Wet grassland is a habitat that forms on flat or sloping ground on wet or waterlogged soils that are poorly drained or subject to seasonal or periodic flooding. Wet grassland often contains abundant rushes and grasses such as Yorkshire Fog, Creeping Bent and Marsh Foxtail.
Wet grassland is distinguished from marsh when the grass, sedge and rush component is greater than 50% of the vegetation cover.
This habitat was formerly widespread in lowland meadows that flooded in the winter. River drainage and embankment has severely disrupted and in many cases eliminated the wetland nature of floodplains and this has led to the disappearance of wet grassland meadows.

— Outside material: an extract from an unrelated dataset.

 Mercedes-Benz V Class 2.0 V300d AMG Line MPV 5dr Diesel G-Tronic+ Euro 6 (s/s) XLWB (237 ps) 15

Wet grassland can be recreated even on a small scale by blocking drainage channels.
- Wet grassland can be maintained by ensuring that the site is wet for at least part of the year.
- Grazing can help to control encroachment by willows.
Wet grassland is an important habitat for a range of grass species such as Rough Meadow-grass and Tufted Hair-grass that have become increasingly scarce in modern farmland.
A range of herbs such as Creeping Buttercup, Marsh Thistle, Silverweed and Meadowsweet frequently occur in the habitat and Cuckooflower or Lady’s Smock, the foodplant of the Orange-tip Butterfly is often common. Several bird species such as Lapwing, Curlew and Snipe feed in wet grassland.